*WORK TO COMPLETE*. Set down exact lines only, from the line with "1950s Pretty Woman" through the last line of the material below, with every picture left out.

*GIVEN RECORDS*.
################

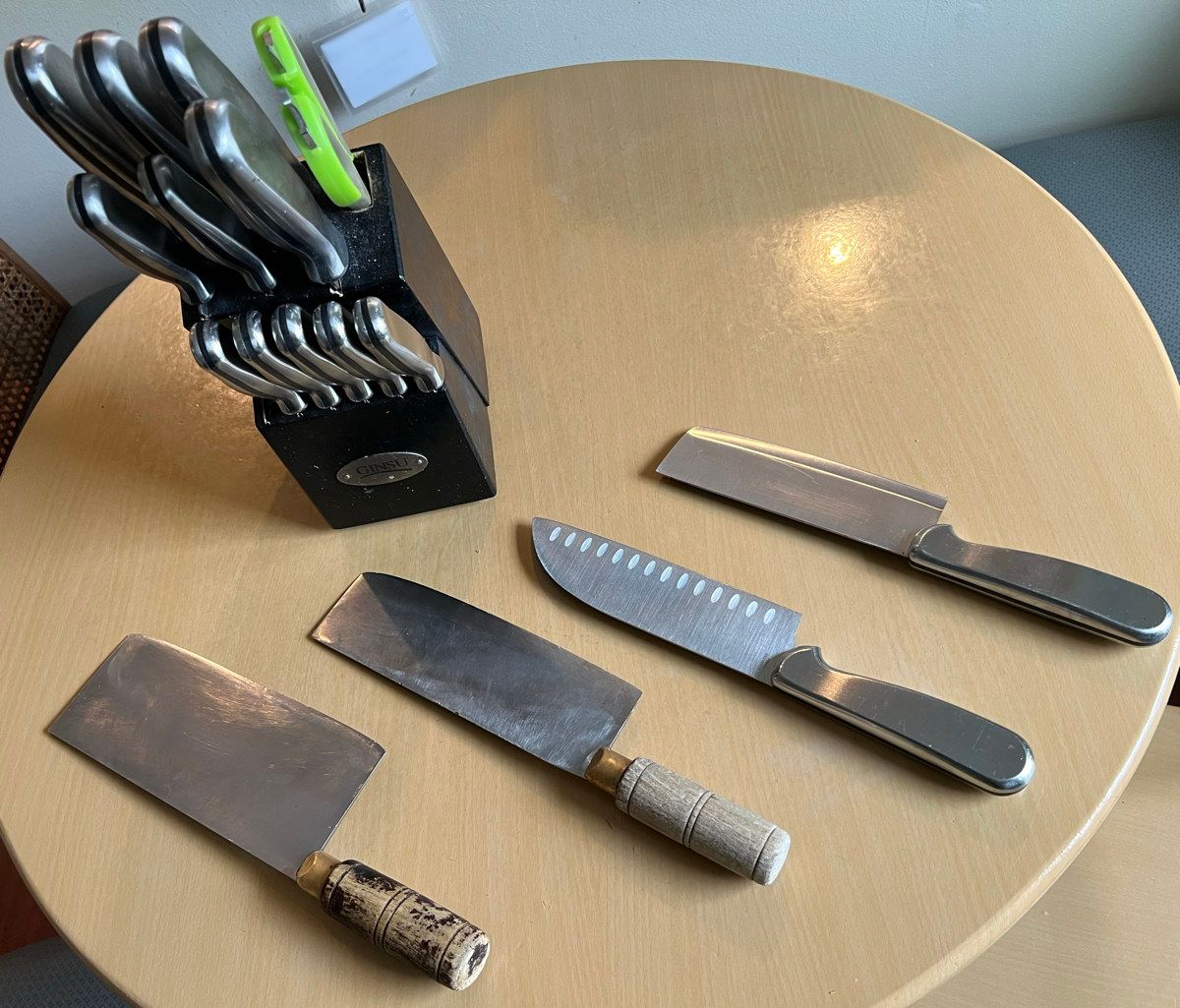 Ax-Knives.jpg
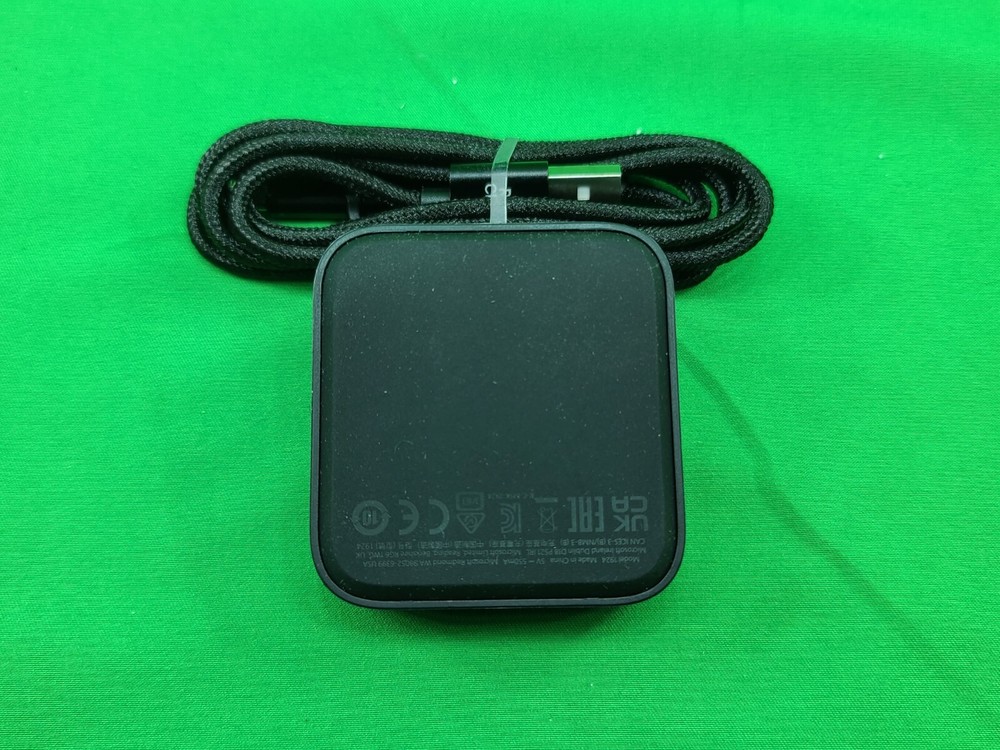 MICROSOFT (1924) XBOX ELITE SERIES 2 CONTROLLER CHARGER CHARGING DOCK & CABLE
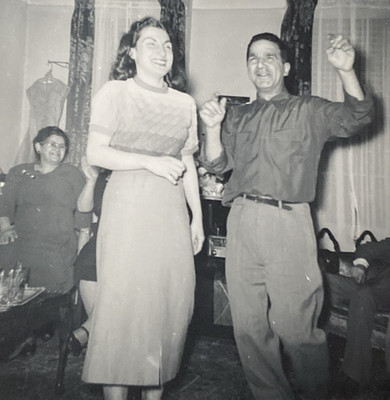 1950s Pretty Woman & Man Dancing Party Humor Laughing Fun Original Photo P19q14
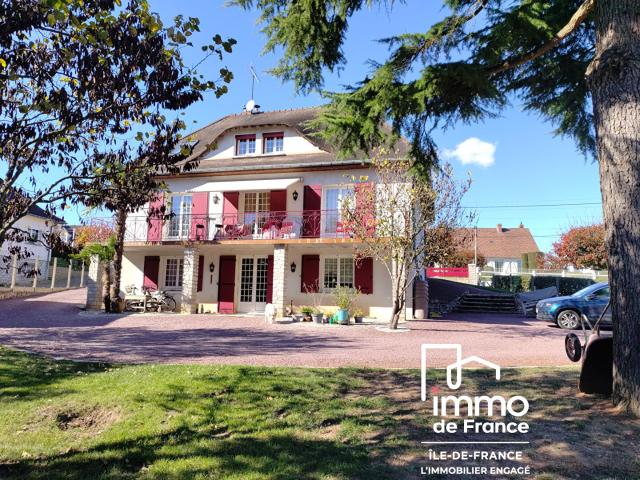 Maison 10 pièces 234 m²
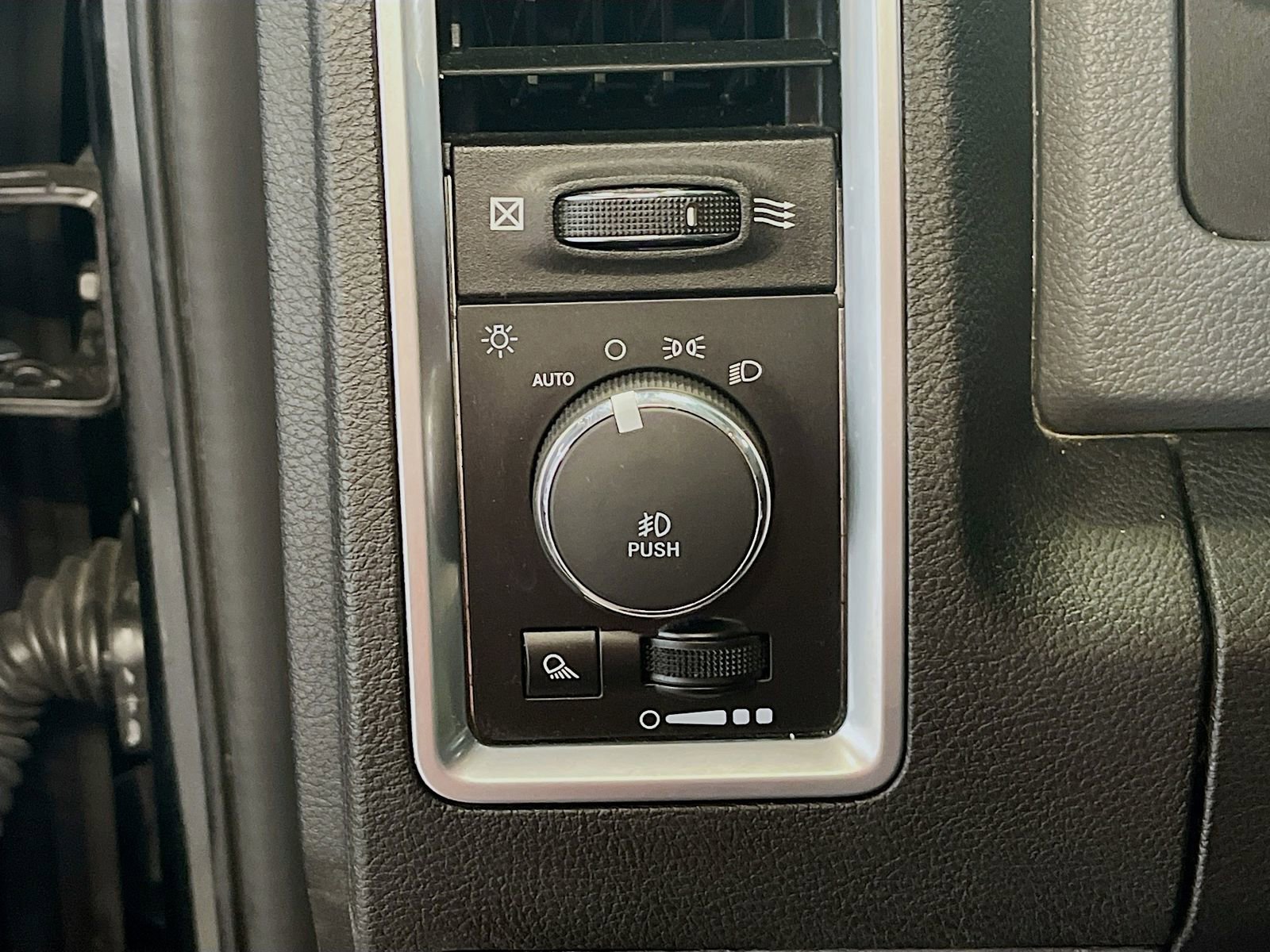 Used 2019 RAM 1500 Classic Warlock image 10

################

*OUTPUT OF THE EXERCISE*.
 1950s Pretty Woman & Man Dancing Party Humor Laughing Fun Original Photo P19q14
 Maison 10 pièces 234 m²
 Used 2019 RAM 1500 Classic Warlock image 10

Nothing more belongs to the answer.